コロニーの形状はシリンダー型が主流だが、金星では「フローティング・コロニー」と呼ばれる独自の構造のコロニーが使用されている。また、コロニーの中には厄祭戦で破壊され300年以上放置された廃棄コロニーも存在する。
アド・ステラ 編集
アド・ステラのコロニーは「フロント」と呼ばれ、小惑星を基部に建造されている。アスティカシア高等専門学園は、フロントそのものを巨大な教育施設として用いている。
内部の広い範囲には人工重力がかけられており、力の大きさは地球と同じ1Gで、各フロントに住まう者は宇宙生まれが大半でありながら無重力や弱重力による筋萎縮や骨量減少に苦しむ事なく、一生涯にわたって宇宙で生活が可能になった。内部に植生している植物も防虫・防腐対策のための遺伝子操作が施されている。
フロントの管理はAIによって行われ、インフラロボットとしてハロが導入されている。
関連用語編集
余談編集
- スペースコロニーの構想は架空のものではなく、1969年にアメリカのプリンストン大学教授であったジェラルド・オニール等が提唱したのが始まりである。
- 1974年にニューヨーク・タイムズで紹介された事で注目され、日本では1979年に放映が開始された「機動戦士ガンダム」の舞台装置となったことで広く知られるようになる。

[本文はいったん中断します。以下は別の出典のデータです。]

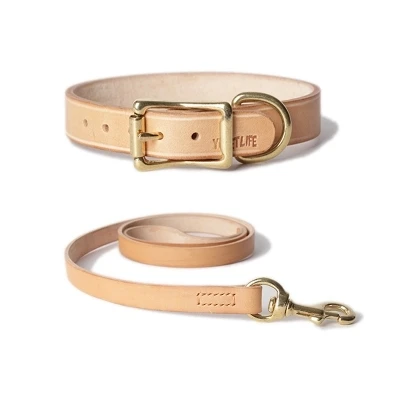 

High Quality Handmade Leather Dog Leash And Collar Set, As picture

- 現在では、費用対効果の面などから人口増加対策としては疑問符が付けられてしまっており、軌道エレベーターやテラフォーミングによる惑星移民の構想が主流となっている。
- 先述の軌道エレベーター構想などの浸透度や元々超光速航法やコールドスリープによる長期間航行能力を有する航宙艦が一般的なテクノロジー水準であり他惑星へのテラフォーミングの方が効率的な事が多い海外のSF作品でスペースコロニーを主題としているものはマイナーなものに留まるなど、日本のSF作品とは真逆の状況となっている。